Photo : Académie Française.
- Dominique Barbéris : Je suis émue et très honorée. Les autres livres méritaient aussi d'avoir le prix. C'est le jeu, mais je tiens à féliciter mes deux compétiteurs.
Me tenir ici à l'Académie est doublement émouvant. D'abord, j'ai enseigné pendant près de quarante ans à la Sorbonne dans une UFR dédiée à la langue française. C'est un lien de parenté en quelque sorte ! Ensuite, et surtout, ce livre a une importance particulière pour moi. Il est dédié à la mémoire de mon père, qui est parti dans l'Administration au Cameroun à Douala dans les année 50.
-D. B. : J'ai voulu dépeindre cette époque de l'Après-guerre. Raconter l'histoire d'un homme qui a eu l'audace de partir à Douala au Cameroun. Ainsi que celle d'une femme qui a osé quitter son environnement familier pour le suivre. Après l'installation de mes parents, je suis née à Douala. Mais la décolonisation arrivant, mes parents sont repartis. Mon père est mort, mais ma mère est encore en vie. Elle m'a dit : « Merci, grâce à toi, je suis retournée à Douala. » J'ai compris que j'avais accompli quelque chose d'important, pour elle, comme pour moi. Ces souvenirs marquent à jamais. J'étais trop petite pour qu'ils soient inscrits dans ma propre mémoire. Mais je savais que cette période avait été déterminante pour ma famille. Et pour tous ceux qui y avaient participé. Il faut se représenter le long voyage en bateau, cette traversée vers l'Afrique qui prenait une quinzaine de jours. Il faut imaginer la chaleur de plus en plus intense. Il se produisait des rencontres improbables, des partages de circonstance. Tous les repères étaient bousculés...
-D. B. : Mon propos n'était pas de parler de la colonisation, mais de montrer que, dans ce contexte, il y avait des expatriés qui étaient des petits blancs, des gens qui avaient des vies relativement modestes. Mon père avait passé un concours, car il pensait que sa carrière évoluerait mieux, s'il partait dans une colonie. Et puis il y a eu le temps des évènements difficiles, des attentats, des couvre-feu. Les choses ont vite basculé. Comme les héros de mon livre, mes parents sont repartis un peu du jour au lendemain. Et, ne sont jamais revenus.

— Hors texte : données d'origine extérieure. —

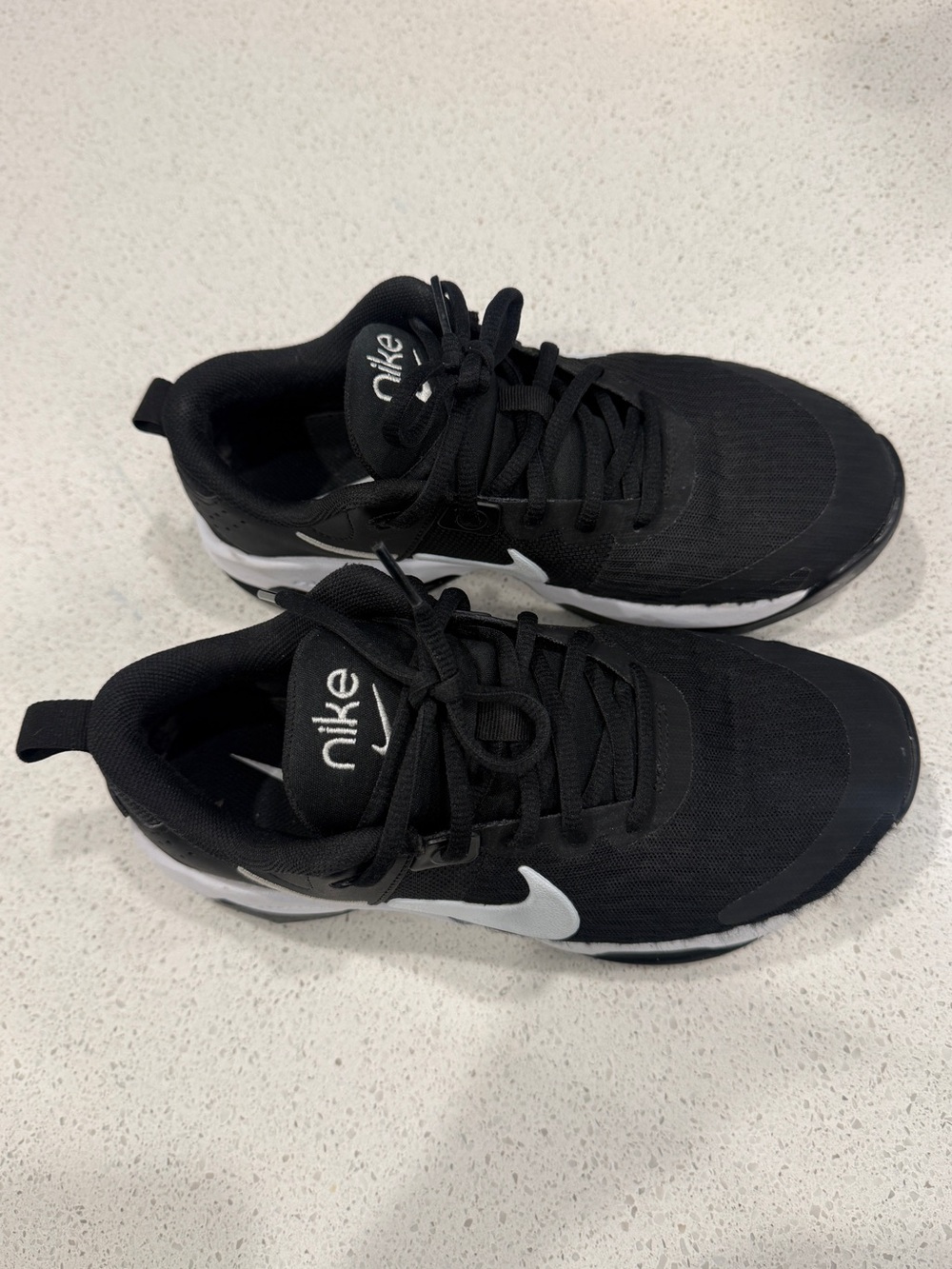 nike womenโs sneakers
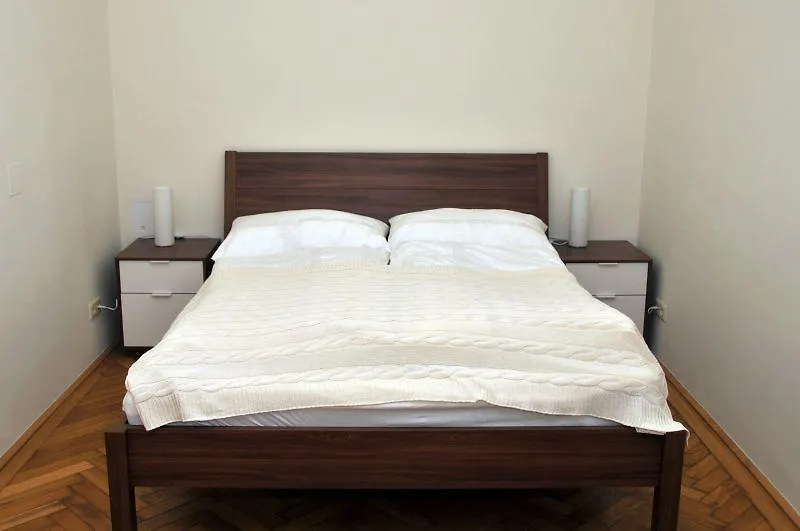 Apartment Hirsch I Vienna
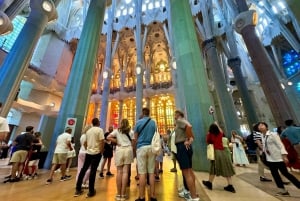 Barcelona: Gaudi's Sagrada Familia Small Group Guided tour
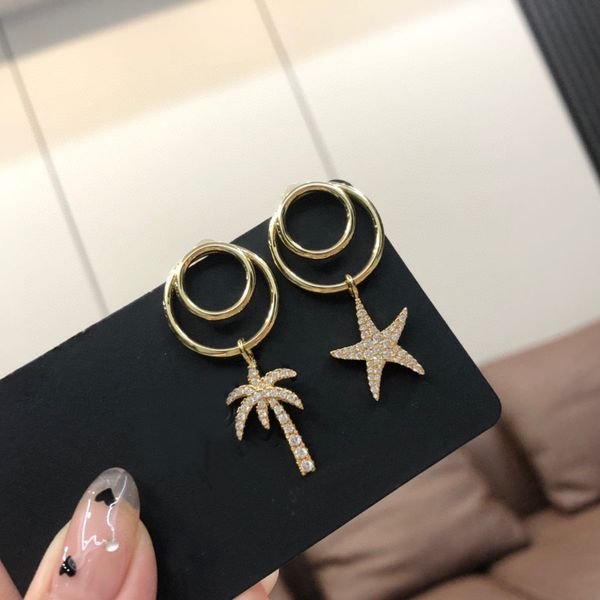 designers brand 18k gold pearl drop double letters stud clip chain geometric famous women 925 silver crystal rhinestone earring wedding part, Golden
designers brand 18k gold pearl drop double letters stud clip chain geometric famous women 925 silver crystal rhinestone earring wedding part, Golden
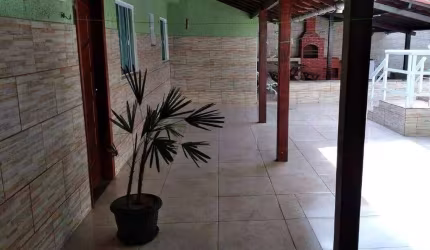 Casa com piscina e 2 apartamentos no mesmo terreno - Centro, Araruama/RJ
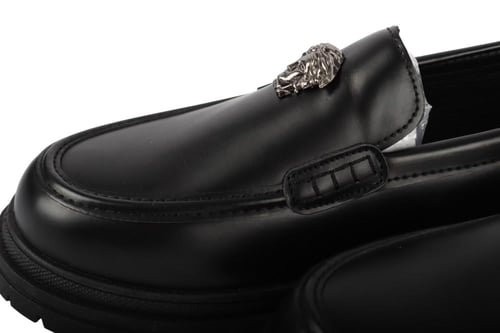 حذاء لوفر فرزاتشي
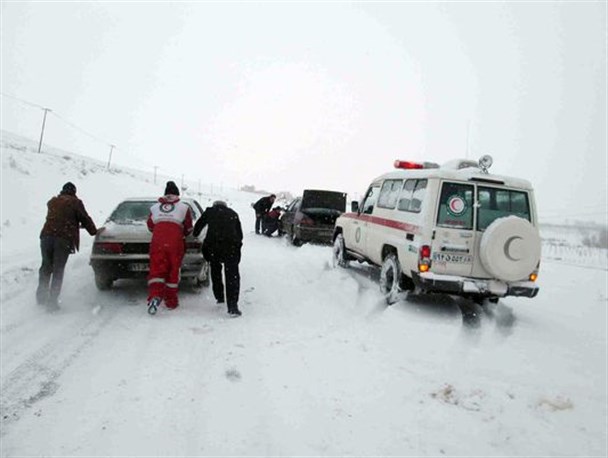 امدادرسانی به ۱۰۹ نفر گرفتار در برف وکولاک محورهای استان/وقوع ۵۹ حادثه در استان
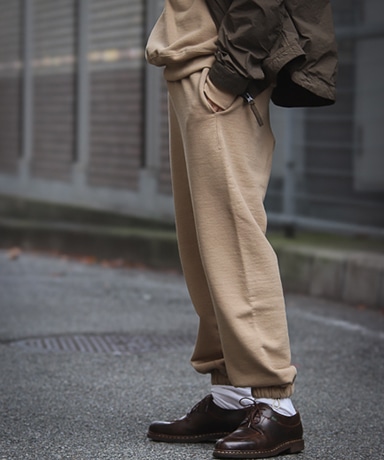 Unlikely Side Seamless Sweat Pants(L(MEN) Beige/ベージュ): Unlikely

-D. B. : J'ai hésité. Mais, je n'ai finalement pas voulu me rendre à Douala, avant d'écrire le livre. Plus rien ne subsiste de cette époque passée. A quoi cela aurait-il servi ?
-D. B. : Cette époque était pudique. Les femmes possédaient beaucoup de retenue, des principes. Cela ne les empêchaient pas d'éprouver de grandes passions. J'ai revisité le triangle amoureux, imaginant une passion parallèle au mariage, avec sa lenteur, son désir, entre séduction et secret. Le sentiment amoureux peut prendre tellement de formes et d'expressions.... Les lecteurs ne s'y trompent pas. Je constate avec émotion, que beaucoup d'entre eux, m'écrivent pour me dire qu'ils ont été bouleversés par cette histoire. Ils y reconnaissent bien les stigmates de l'amour. Même s'il s'agit d'une façon d'aimer singulière.
-D. B. : J'aime beaucoup l'idée des possibles qui ne se réalisent pas. Ici, il y a des regards, un bal, une promenade, des effleurements... Cela aurait pu être. Mais, même si cela ne s'est pas accompli, cela a existé. Il s'agit de sublimation. De renoncement. D'empreinte intérieure. Cela me fait penser au magnifique film de David Lean : Une brève rencontre.
-D. B. : Je publie depuis près de trente ans, et finalement, quand je regarde leur thématique, beaucoup de mes livres tournent autour du secret, du silence, - ici, celui d'une femme dont la vie a passé sans que jamais elle se confie. Autour de paysages aussi.
En pensant à mes parents, il me semblait important de mettre en scène aussi les regrets, les arrachements de tous ordres : qu'il s'agisse d'une histoire sans issue, ou d'un retour forcé. Ce Douala du passé a toujours existé dans la mémoire de mes parents.
Ecrire, c'est aussi vivre en imagination. Il me fallait ici imaginer beaucoup de choses, pour faire revivre une époque. Incarner, ce passé disparu. Et finalement, imaginer mon enfance là-bas. C'est pourquoi il m'a fallu l'écrire.